FİLM YAPIMINDA BİR TERSİNE ÇEVRİM SÜRECİ OLARAK SANAL PRODÜKSİYON VE SİNEMASAL ANLAM
DOI:
https://doi.org/10.32955/neuissar2024311035Anahtar Kelimeler:
Sanal prodüksiyon, sanal kamera, gerçek-zamanlı görüntü işleme, kamera içi görsel efekt, tersine çevrimÖzet
Sanal prodüksiyon, film yapım sürecinde üretim ve sunum biçimlerinde yeni teknolojilere dayalı değişimleri ifade ettiği gibi kavramsal düzeyde sinemasal anlamın içeriğinin de dönüşmesini nitelemektedir. Gelişen bilgisayar teknolojileri sayesinde fiziksel setlerin, aktörlerin ve sahne donanımının bilgisayar destekli üretilen görüntüler ve gerçek-zamanlı görüntü işleme aracılığıyla sorunsuz bir şekilde bütünleşmesi, film endüstrisinin daha önce fiziksel kısıtlamalarla sınırlı olan bu alanında sürükleyici ve gerçekçi sahneler yaratmasına olanak sağlamaktadır.
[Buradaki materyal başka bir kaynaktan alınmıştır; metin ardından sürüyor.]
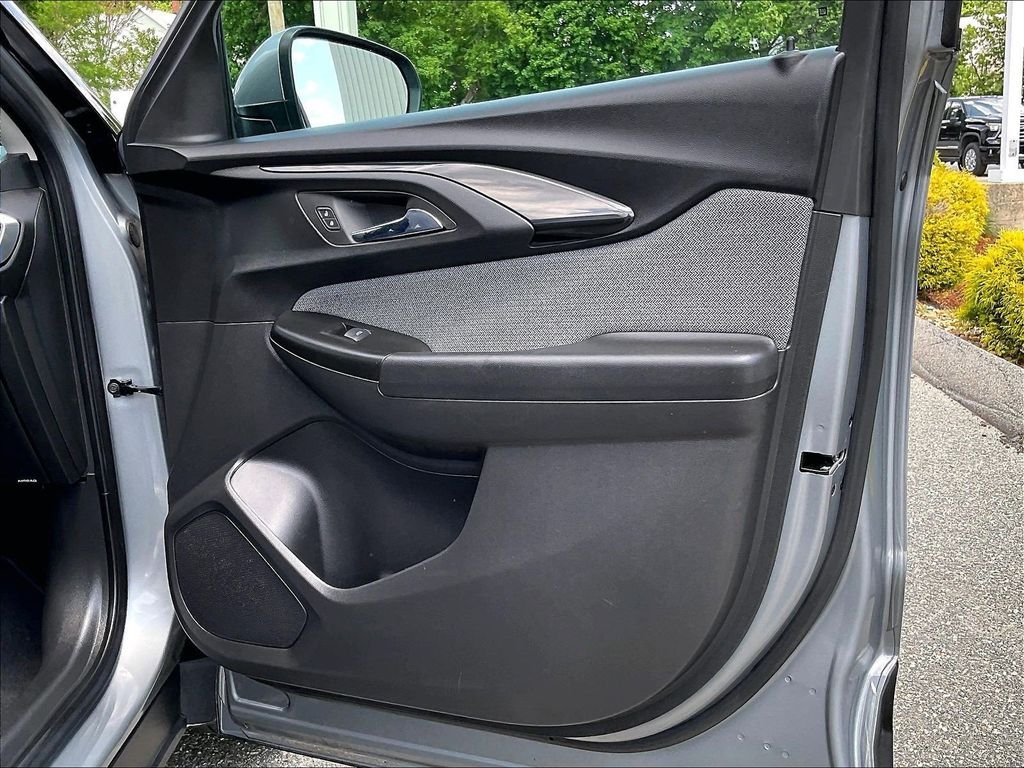 Used 2023 Gray Chevrolet LT image 12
Sanal prodüksiyon, yeşil arka planı LED panellerle (video duvar) değiştirerek aktüel kameranın sanal kamera tarafından eşzamanlı takibi aracılığıyla her sahnenin görsel anlatı ihtiyaçlarını gerçek zamanlı düzenlenebilir, değiştirilebilir ve yeniden-üretilebilir kılmaktadır. Dolayısıyla, film yapım sürecinde farklı üretim yöntemlerini de içeren bu teknik, geleneksel tarzları dönüştürmekte ve kameranın sinemadaki rolüne ilişkin yeni imkânlar sunmaktadır. Bir tersine çevrim sürecinde, daha önce kurgu ve post-prodüksiyon aşamasındaki düzenlemeler Kamera İçi Görsel Efekt (ICVFX) tanımlamasıyla film yapım sürecine dâhil edilmektedir. Bu uygulamalara, sanal varlıklar çekilen sahneye dâhil edilirken yaratıcı süreçler hızlanmakta, sinematografi sanallaşarak, melezleşmektedir. Film yapım süreçlerinde yaşanan bu teknik dönüşüm aynı zamanda sinemasal anlamın değişmesine neden olmaktadır. Bu durum sanal prodüksiyonu içeren hareketli görüntünün aktüel kaydının henüz çekim esnasında öldüğünün göstergesidir. Geleneksel film yapım sürecindeki mizansenin oluşturulması ve kayda alınması arasındaki mesafenin yok olması aynı zamanda sinemanın illüzyon üretici gücünün bir kez daha elinden alınması anlamına gelmektedir. Geçmişte düş gücünü harekete geçiren film çekim süreci günümüzde yerini teknik aletlerin ve algoritmik yazılımların çıplaklığına bırakmıştır. Bu araştırma, sanal prodüksiyonun temel bileşenlerinden sanal kamera, gerçek-zamanlı görüntü işleme ve 3B mizansenlere odaklanarak tekniğin sinema alanında artan kullanımını bir yandan biçimsel kodlar üzerinden ele alırken diğer yandan söz konusu film yapım sürecinin sinemasal anlam üzerindeki etkilerini eleştirel perspektiften irdelemektedir.